CS3223 Database Systems Implementation

This project is part of the CS3223 Database Systems Implementation module taken at the National University of Singapore (NUS) School of Computing in AY2020/21 Semester 2. The project focuses on a simple SPJ (Select-Project-Join) query engine and its implementation, which provides some insights into how a modern database management system (DBMS) works in practice.

This repository contains code written as part of this project and is done by:

  • Hsu Zhong Jun
  • Low Jun Kai, Sean
  • Ng Xin Pei

Setup Instructions

As this project is written in Java (primarily Java 11), ensure that you have Java installed in your system.

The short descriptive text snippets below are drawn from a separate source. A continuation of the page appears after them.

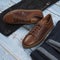 Men`s casual outfits for man clothing set with shoes, trousers, shirt on wooden background, Top view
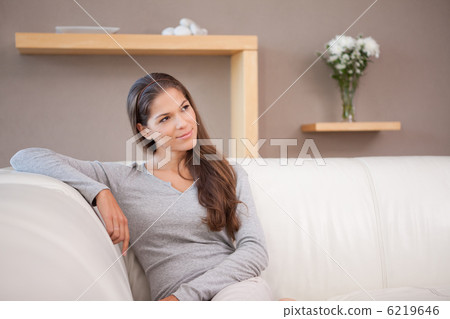 Woman sitting on the sofa Woman sitting on the sofa 6219646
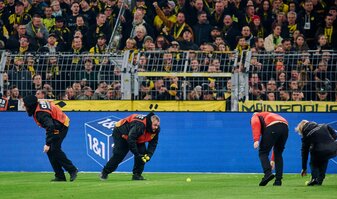 Stadionmitarbeiter sammeln Tennisbälle ein, die Fans auf das Spielfeld geworfen haben, um gegen Investoren in der DFL zu protestieren.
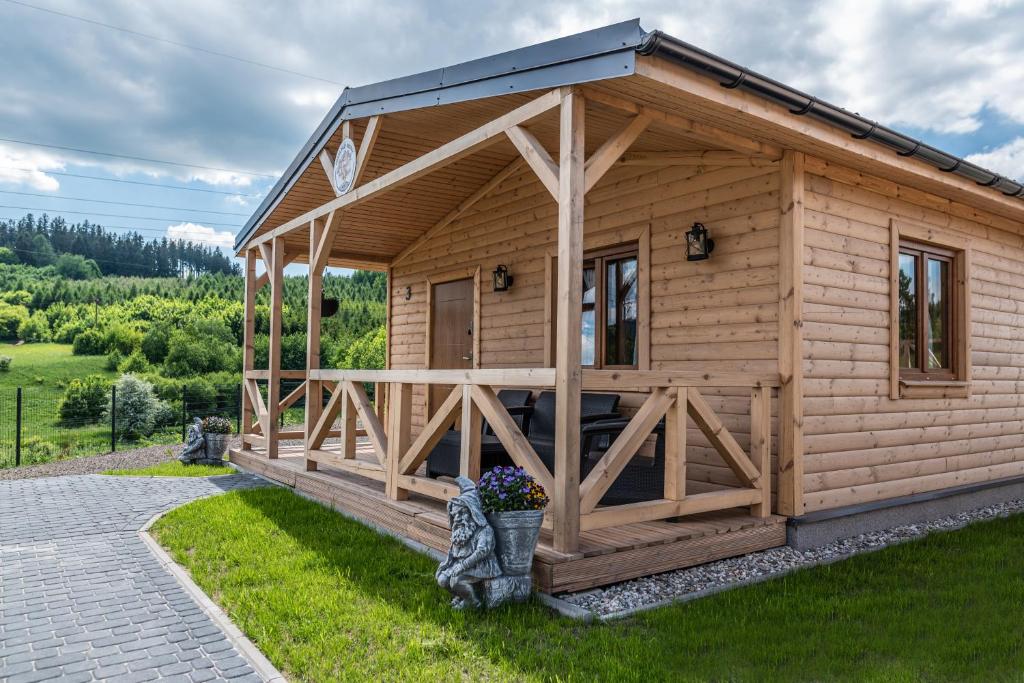 una cabina in legno con un portico nell'erba di Osada Trzy Siostry a Duszniki Zdrój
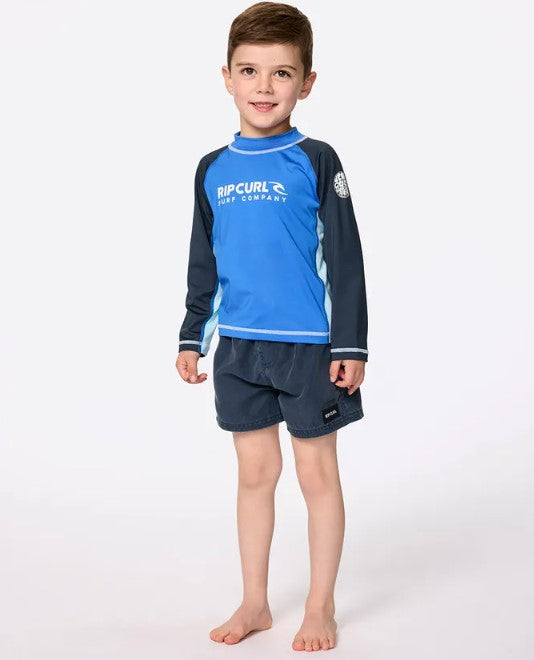 Rip Curl Groms Shock UPF LS Rash Top with a blue gum coloured body and navy arms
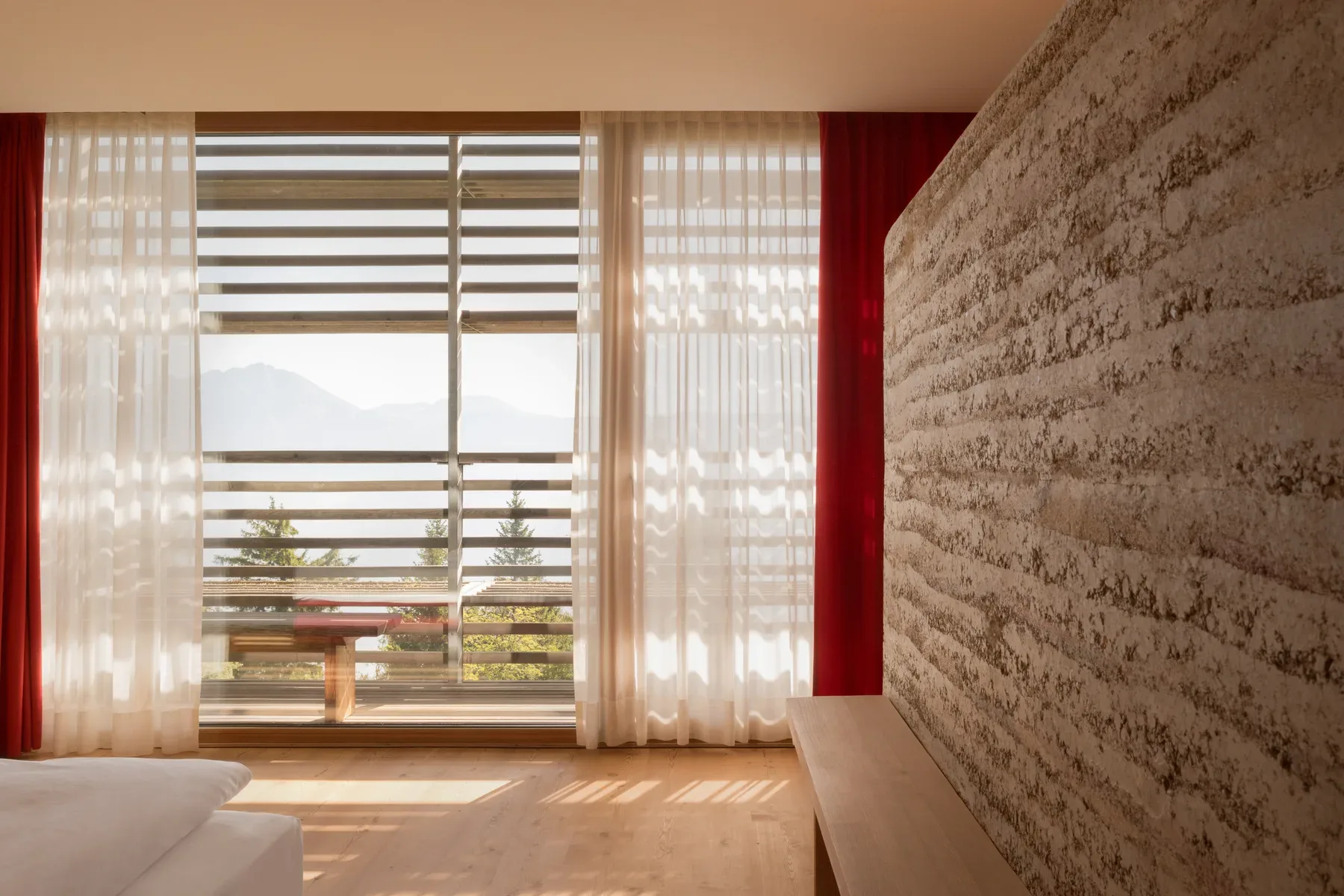 Zimmer aus Lärchenholz, Lehm und Naturstein mit Bergblick im vigilius
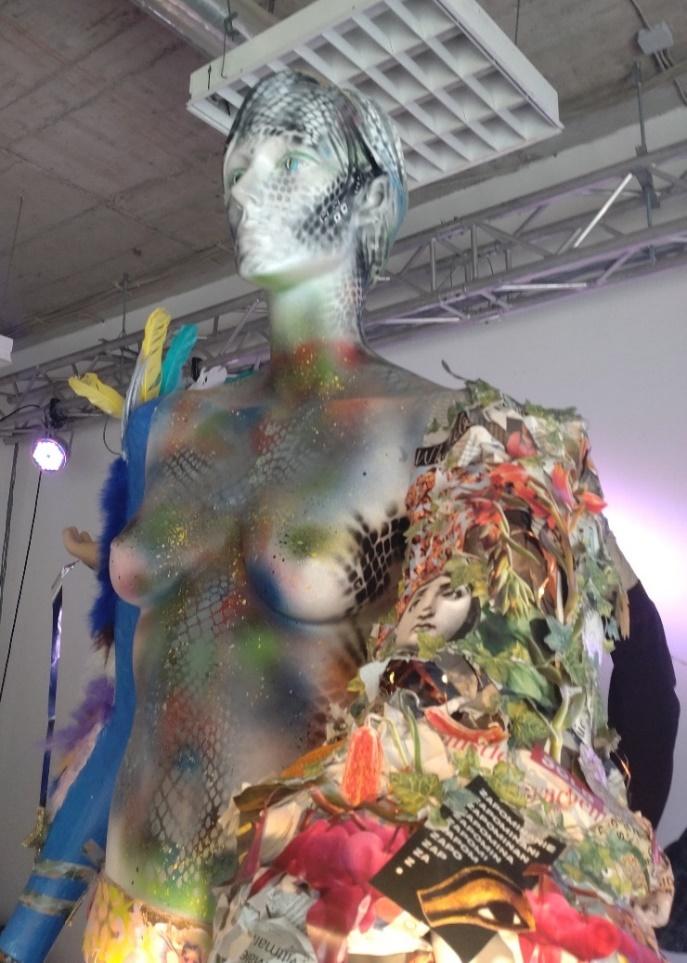 A mannequin decorated with a richly patterned collage sleeve and arm.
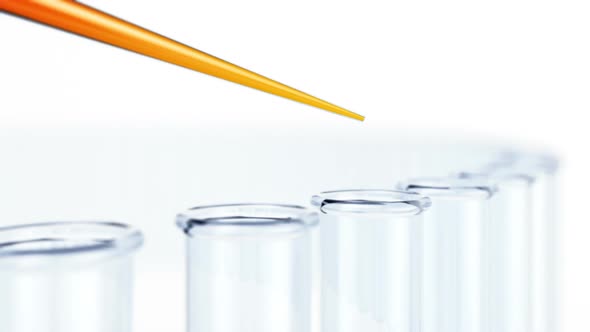 Endless drops of orange liquid falling into test tubes in the laboratory. HD alt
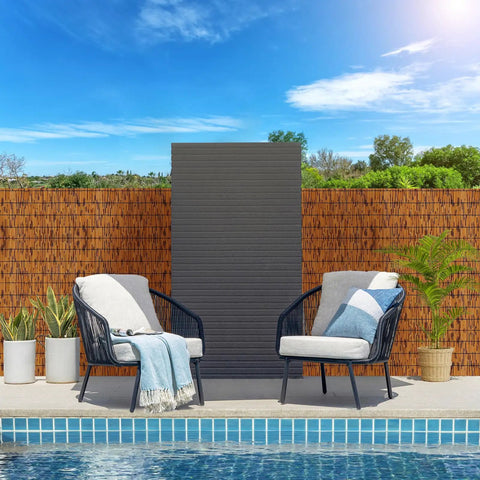 Natural Reed Fencing Roll 4 By 16 Ft Handwoven Bamboo Privacy Screen For Balcony Patio Garden Backyard Outdoor Use Light Russet Finish Decorative Reed Curtain For Privacy Shade And Easy Outdoor Vibe behind outdoor chairs by pool.
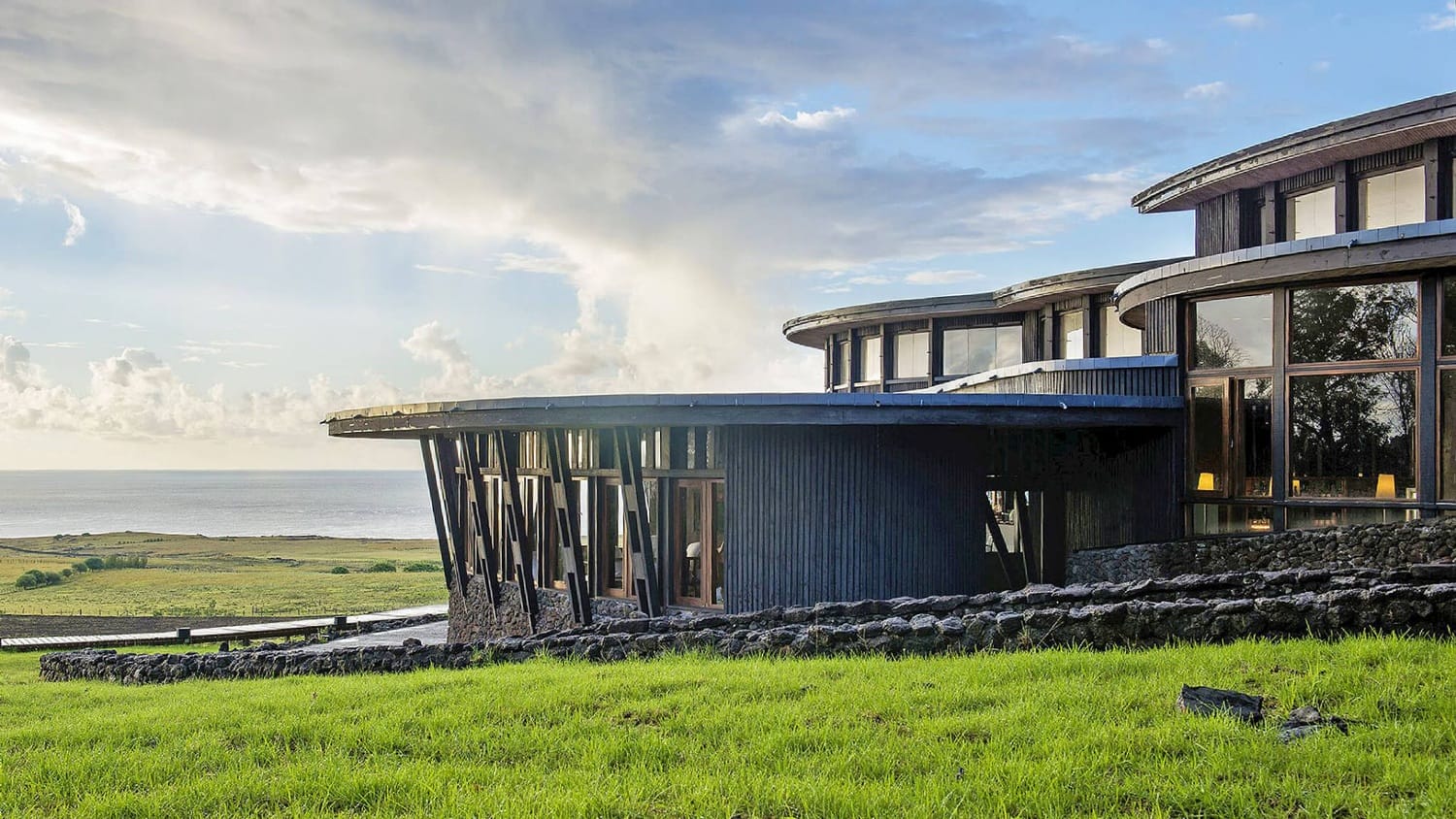 Modern building with large windows overlooking a grassy landscape and ocean under a partly cloudy sky.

  1. Navigate to the project root and set up the environment using source queryenv (for Unix users) or queryenv.bat (for Windows users).
  2. Build the Java project using build.sh (for Unix users) or build.bat (for Windows users).

Running the project

  1. Populate the database by running bash populate_table.sh
  2. The queries can be ran by java QueryMain your_query.sql your_query_result.out

Modifications

The following modifications to the original template was made by the team:

  • Block Nested Loop Join (qp.operators.BlockNestedJoin)
  • Sort Merge Join (qp.operators.SortMergeJoin)
  • The DISTINCT operator (qp.operators.Distinct)
  • The ORDERBY operator (qp.operators.Sort)
  • The GROUPBY operator (qp.operators.GroupBy)
  • The PROJECT operator (qp.operators.Project)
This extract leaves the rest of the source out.